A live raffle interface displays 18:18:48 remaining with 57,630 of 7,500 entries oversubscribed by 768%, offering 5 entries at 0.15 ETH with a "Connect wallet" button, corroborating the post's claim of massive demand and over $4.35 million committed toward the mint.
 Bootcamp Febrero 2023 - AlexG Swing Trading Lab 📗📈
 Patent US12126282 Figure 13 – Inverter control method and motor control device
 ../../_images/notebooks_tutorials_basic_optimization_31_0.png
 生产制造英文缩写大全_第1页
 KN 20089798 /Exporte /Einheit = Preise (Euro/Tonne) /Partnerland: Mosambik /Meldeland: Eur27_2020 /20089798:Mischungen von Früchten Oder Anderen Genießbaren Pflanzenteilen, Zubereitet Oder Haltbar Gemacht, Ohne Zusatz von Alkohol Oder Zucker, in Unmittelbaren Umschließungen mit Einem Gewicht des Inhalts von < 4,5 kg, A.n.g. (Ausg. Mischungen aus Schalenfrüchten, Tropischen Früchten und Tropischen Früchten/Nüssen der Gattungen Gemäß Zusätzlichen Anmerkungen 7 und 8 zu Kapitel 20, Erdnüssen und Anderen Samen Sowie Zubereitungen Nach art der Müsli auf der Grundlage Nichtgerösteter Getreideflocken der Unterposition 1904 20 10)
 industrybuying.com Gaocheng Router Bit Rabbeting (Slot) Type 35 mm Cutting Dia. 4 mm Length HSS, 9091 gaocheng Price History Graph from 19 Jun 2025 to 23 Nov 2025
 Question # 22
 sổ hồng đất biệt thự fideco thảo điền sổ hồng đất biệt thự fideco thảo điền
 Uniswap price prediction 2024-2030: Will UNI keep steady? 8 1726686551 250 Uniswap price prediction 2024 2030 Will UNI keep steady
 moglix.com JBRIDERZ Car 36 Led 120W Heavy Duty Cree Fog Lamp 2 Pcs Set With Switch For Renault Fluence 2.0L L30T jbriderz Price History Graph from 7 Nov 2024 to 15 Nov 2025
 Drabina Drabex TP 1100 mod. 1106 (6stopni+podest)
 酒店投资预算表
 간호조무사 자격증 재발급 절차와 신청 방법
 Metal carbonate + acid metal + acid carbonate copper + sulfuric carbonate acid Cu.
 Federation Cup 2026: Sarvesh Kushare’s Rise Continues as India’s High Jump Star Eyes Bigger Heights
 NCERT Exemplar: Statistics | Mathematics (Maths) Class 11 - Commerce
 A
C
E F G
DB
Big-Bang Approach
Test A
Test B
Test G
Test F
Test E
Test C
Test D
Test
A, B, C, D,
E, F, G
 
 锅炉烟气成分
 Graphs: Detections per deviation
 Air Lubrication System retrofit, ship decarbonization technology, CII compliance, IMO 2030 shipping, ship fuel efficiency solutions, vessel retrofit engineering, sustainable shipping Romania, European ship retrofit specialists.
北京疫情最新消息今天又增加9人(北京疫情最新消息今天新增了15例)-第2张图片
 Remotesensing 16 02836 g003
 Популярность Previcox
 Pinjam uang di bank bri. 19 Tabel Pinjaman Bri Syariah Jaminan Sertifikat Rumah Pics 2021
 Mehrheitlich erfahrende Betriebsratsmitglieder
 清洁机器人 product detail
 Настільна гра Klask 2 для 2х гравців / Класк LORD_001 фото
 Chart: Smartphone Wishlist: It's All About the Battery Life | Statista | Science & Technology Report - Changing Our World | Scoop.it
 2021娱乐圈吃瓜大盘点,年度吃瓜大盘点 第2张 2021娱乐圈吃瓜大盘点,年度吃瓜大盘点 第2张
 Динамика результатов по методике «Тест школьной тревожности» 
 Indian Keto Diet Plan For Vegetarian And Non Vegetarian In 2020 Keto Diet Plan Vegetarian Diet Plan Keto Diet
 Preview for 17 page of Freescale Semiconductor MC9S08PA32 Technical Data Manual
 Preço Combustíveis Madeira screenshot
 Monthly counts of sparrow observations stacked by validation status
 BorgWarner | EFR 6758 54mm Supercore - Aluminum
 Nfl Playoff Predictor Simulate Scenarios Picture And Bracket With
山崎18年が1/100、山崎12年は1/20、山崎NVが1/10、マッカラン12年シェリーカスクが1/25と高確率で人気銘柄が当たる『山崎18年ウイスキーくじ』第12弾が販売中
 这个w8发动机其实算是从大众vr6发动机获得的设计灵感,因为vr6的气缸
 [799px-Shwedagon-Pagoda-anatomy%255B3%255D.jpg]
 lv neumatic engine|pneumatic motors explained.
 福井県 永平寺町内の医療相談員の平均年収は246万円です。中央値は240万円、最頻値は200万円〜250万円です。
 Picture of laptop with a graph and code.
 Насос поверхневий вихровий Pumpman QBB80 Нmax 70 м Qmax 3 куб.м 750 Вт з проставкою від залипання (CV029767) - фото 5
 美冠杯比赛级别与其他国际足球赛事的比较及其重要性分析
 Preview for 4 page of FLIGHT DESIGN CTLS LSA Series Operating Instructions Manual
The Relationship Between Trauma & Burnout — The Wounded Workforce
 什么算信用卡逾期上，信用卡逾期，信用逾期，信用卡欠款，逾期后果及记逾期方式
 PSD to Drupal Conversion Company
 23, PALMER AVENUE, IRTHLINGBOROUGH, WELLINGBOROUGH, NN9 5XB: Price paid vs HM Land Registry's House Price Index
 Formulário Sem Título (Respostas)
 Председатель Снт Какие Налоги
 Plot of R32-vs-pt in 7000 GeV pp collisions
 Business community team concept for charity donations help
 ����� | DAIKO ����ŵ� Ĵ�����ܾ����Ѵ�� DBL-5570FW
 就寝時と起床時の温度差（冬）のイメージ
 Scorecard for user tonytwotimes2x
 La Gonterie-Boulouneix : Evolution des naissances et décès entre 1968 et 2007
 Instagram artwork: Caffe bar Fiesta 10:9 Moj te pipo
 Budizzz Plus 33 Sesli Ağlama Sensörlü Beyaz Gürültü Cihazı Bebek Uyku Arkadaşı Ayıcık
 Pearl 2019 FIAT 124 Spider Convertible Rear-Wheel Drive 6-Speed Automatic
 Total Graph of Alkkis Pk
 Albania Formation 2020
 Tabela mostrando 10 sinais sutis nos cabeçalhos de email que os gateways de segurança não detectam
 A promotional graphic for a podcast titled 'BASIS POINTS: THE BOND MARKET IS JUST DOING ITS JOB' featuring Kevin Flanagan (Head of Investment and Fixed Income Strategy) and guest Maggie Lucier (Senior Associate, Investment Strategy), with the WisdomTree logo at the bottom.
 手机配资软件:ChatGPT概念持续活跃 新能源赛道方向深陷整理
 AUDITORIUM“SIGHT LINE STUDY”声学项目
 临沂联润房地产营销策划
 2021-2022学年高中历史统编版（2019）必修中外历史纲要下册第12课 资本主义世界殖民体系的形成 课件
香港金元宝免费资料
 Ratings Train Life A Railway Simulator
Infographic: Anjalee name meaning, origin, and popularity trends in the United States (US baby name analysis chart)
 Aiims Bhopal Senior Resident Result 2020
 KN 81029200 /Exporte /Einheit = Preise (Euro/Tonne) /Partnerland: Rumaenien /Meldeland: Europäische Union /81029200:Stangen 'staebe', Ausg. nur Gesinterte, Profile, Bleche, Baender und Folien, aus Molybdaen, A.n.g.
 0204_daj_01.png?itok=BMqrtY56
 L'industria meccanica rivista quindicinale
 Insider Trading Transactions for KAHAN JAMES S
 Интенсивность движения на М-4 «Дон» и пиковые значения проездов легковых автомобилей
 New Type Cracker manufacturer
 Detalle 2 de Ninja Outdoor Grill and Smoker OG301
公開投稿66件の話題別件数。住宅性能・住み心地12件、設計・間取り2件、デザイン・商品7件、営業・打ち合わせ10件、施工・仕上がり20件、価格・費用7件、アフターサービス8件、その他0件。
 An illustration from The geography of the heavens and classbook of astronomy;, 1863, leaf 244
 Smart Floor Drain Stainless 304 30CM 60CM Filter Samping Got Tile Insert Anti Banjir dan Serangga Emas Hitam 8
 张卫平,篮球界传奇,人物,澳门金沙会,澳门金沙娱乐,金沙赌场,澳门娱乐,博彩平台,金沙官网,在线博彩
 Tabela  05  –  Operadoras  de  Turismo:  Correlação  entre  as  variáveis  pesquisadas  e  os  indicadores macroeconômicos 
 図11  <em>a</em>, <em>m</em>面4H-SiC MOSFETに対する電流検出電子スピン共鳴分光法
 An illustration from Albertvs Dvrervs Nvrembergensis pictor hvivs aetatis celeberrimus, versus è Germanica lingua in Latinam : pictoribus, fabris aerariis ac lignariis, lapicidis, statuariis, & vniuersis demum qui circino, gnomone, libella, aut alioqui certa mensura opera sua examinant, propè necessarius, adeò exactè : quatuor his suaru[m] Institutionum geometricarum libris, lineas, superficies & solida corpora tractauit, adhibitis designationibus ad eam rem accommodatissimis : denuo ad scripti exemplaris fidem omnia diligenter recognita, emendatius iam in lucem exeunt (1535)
+===+
Show every line from the entries that includes the word "Test".

=== REPLY TO THE EXERCISE ===
Test A
Test B
Test G
Test F
Test E
Test C
Test D
Test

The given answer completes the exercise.